Having loved Jonathan Franzen’s The Corrections, I was torn whether to be excited or worried that Freedom could live up to, or surpass, his previous novel. Happily, it has; though it took the entire book to prove it to me. While he writes great non-fiction, his novels truly impress and solidify his as one of my favorite authors.
As always, Franzen’s writing is complex yet very readable and packs a punch by encapsulating the human experience through the different eyes of the multitude of characters. He has an uncanny knack for creating real-life people that captivate the reader, going beyond mere characters to make the stories feel as if they are about people that you might know. With the novel spanning across multiple decades and a couple of generations, Franzen conveys the perspectives at various points in life with great success.
Patty and Walter Berglund are the two main characters around which the story revolves. In addition to marriage and family, friendship is another key theme throughout. Walter’s friend Richard Katz plays the pivotal role of friend and foe, as many friendships teeter between admiration and competition. Jealously dances among all three as each wants to be the best and to self-indulge in their own desires and having met in college, their history is long and deep and complicated.
Since Patty and Walter never enjoyed the families that they grew up with, both strive to be better than them and create a loving family of their own. They have a son and a daughter, and for a while the family dynamic is certainly enviable. But life gets in the way and outside forces act upon Patty and Walter, complicating their endeavors. As much as they try to achieve perfection with their kids, it isn’t that simple. During the teen years, their son Joey gets the brunt of the animosity and disapproval as he pushes Patty, and by proximity Walter, away and in her stubbornness she retaliates. In later years, during her college years, their daughter Jessica then retreats and is held at arms’ length by Walter out of his stubbornness. As history repeats itself, the kids become adults quickly and end up raising themselves as their parents had when growing up. Yet Joey and Jessica each are their own person, and polar opposites with completely divergent and passionate lives.

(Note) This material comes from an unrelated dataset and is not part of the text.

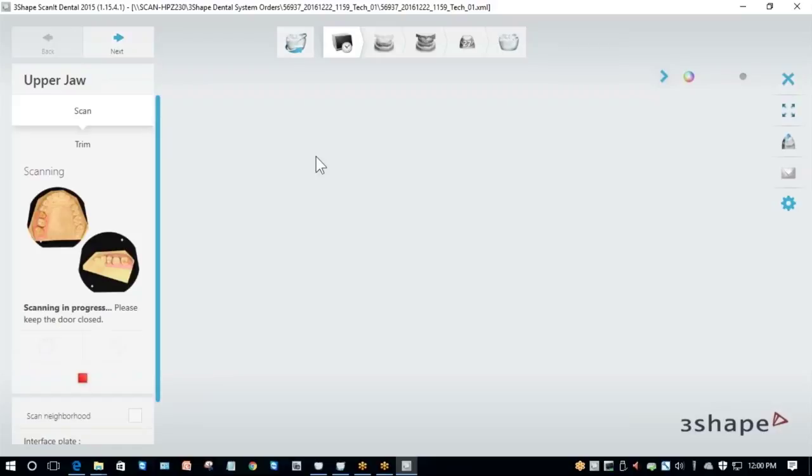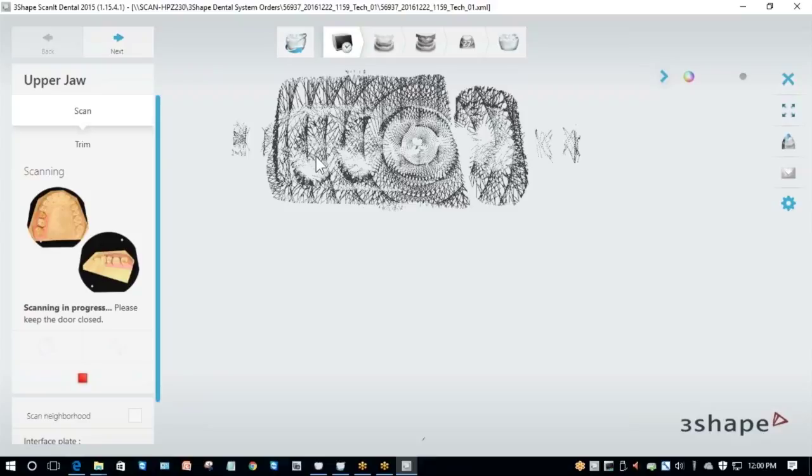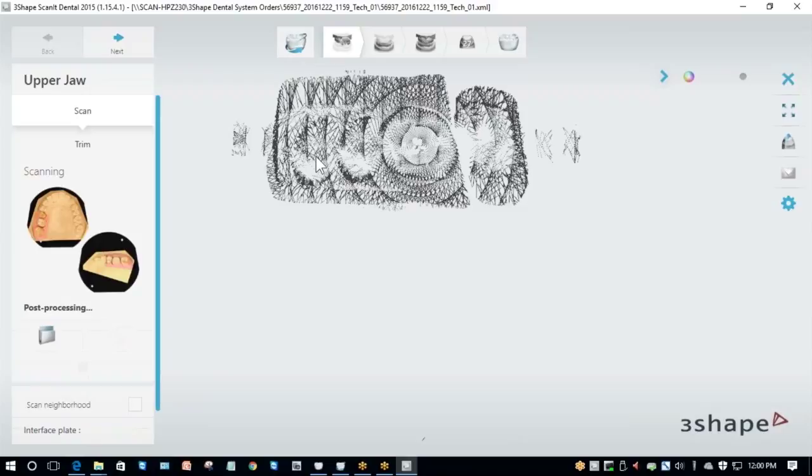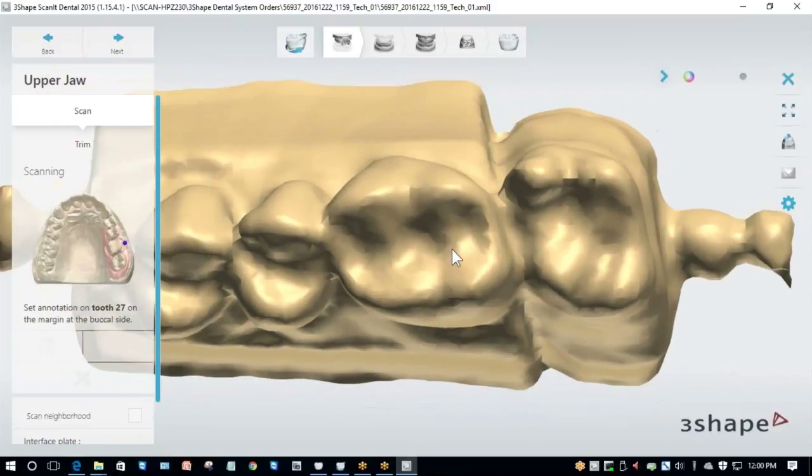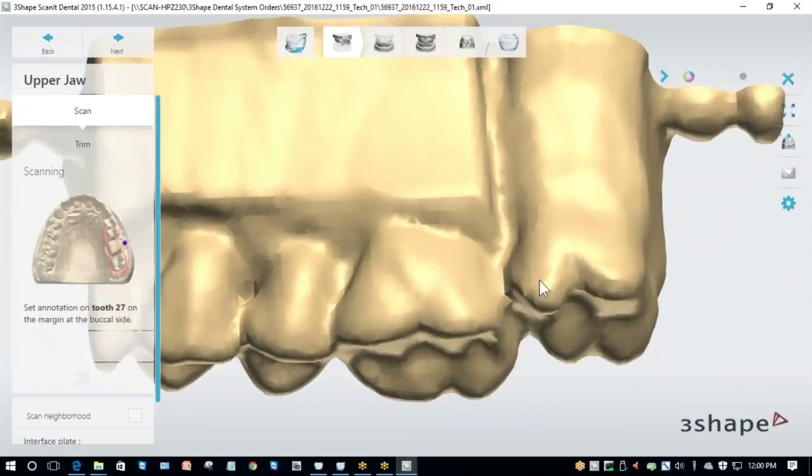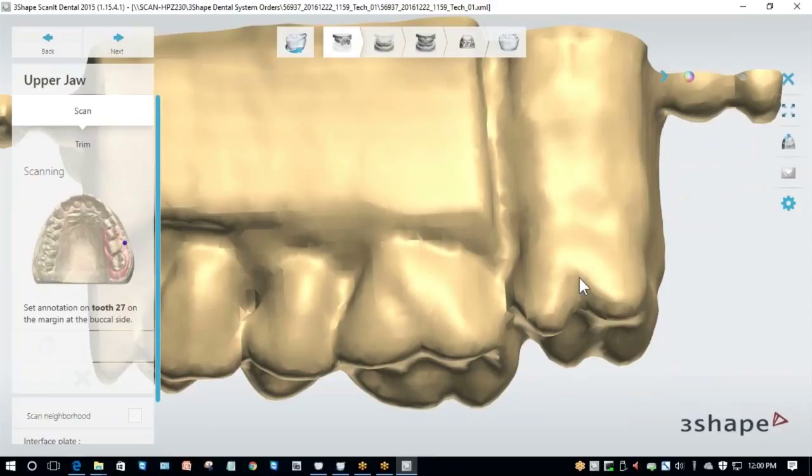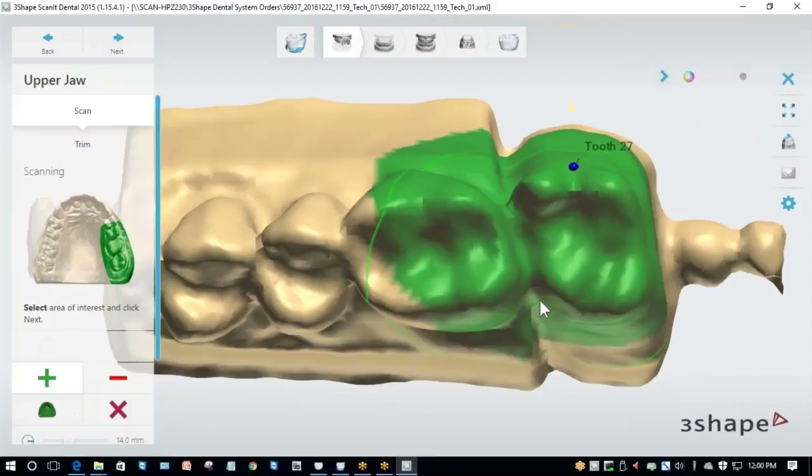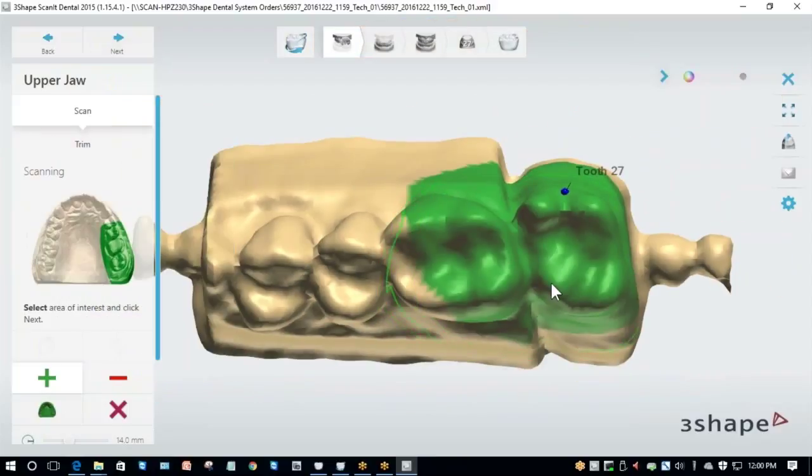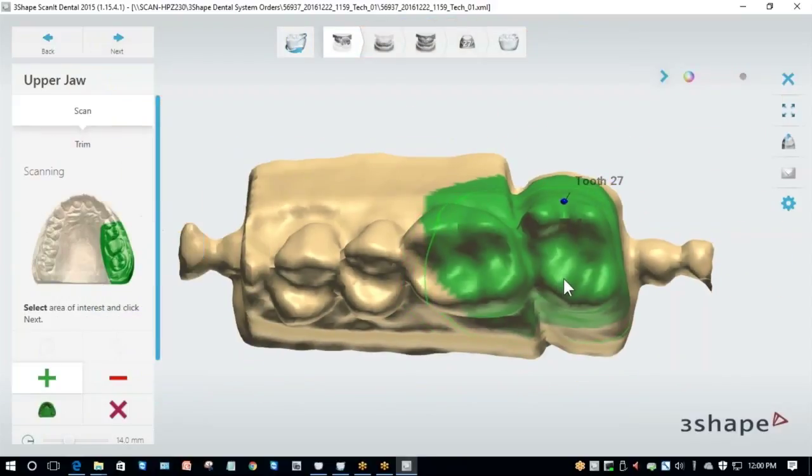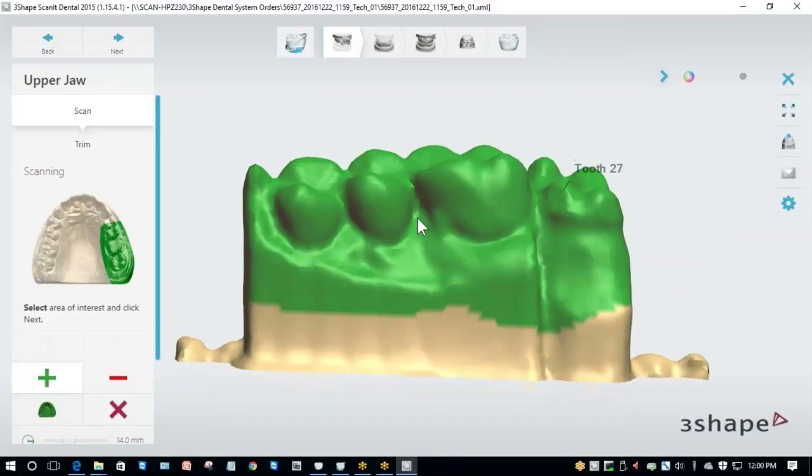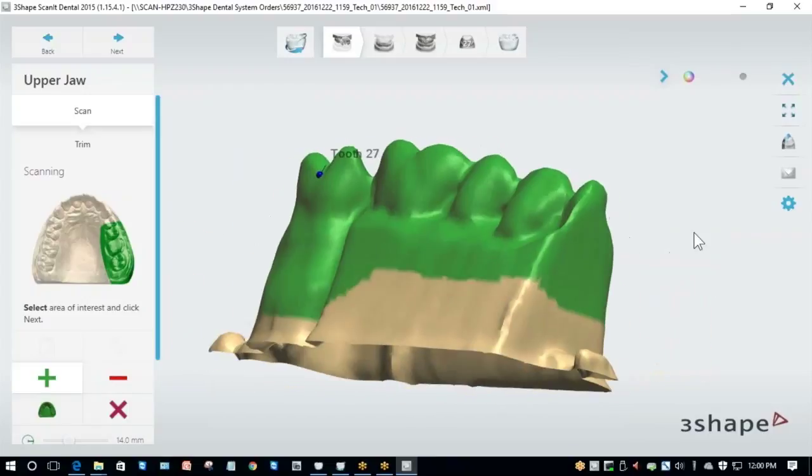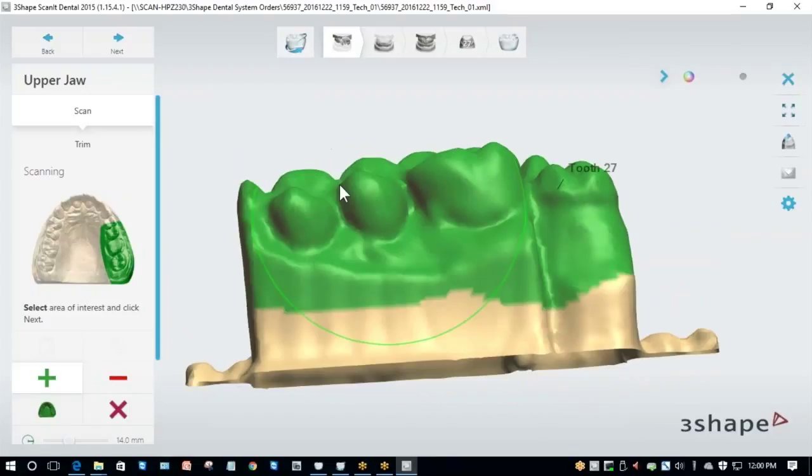The first scan it does is a Preview Scan. This is a quick and dirty scan, not your final restoration. It's simply a way for you to select the area you want to proceed with. What I'm going to do first is click on the buccal margin of the tooth, and after I've done that, I'm going to highlight everything else. Now that I've highlighted the model, I click Next and it does the actual scan.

Environmentalism pervades the novel, as Walter fights to preserve the lives of wild birds in any way that he can. He puts his political drive and intelligence to work for a nature conservation reserve, which even though it is his life’s dream, there is considerable pressure and stress that frustrates him to no end. Once again, life does not work as desired. It’s in these times of struggle that force Walter and Patty to grapple with themselves and in some instances to veer from each other. Much of the novel is a roller coaster between not only Walter and Patty but also what each wants from their lives, which don’t always mesh and finally pushes them to a breaking point. Due to the drama, at times it’s a sad, tough read but as any good love story, love prevails in a unique and meaningful ending.
Part of the charm of the novel is that it spans the 2000s, touching on the turmoils both nationally and internationally for Americans and calls into question the universal struggles of those times. Having been published in 2010, it certainly is a feat that Franzen captured the essence and contemplated the decade with deep interrogation that usually takes more distance from the past to achieve. Franzen showed these tendencies in The Corrections as well but he certainly has expanded his prowess in the years since and demonstrates his true skills as a writer and storyteller. The intricacies that intertwine and bolster the story is amazing and he keeps the overarching momentum going while providing minute looks into each of the character’s cameos throughout their lives. Franzen has turned the volume up and displayed much growth, which I didn’t think possible, since his last novel–so I can hardly wait for his next. Perhaps it won’t be too long from now since it took me a while to get to this one.
Recommended?: Yes, most certainly. Anyone could enjoy this novel, as it interrogates love and friendship, devotion and betrayal, and right and wrong. It questions how we treat each other and the world around us, especially the people and ideals that we care about the most.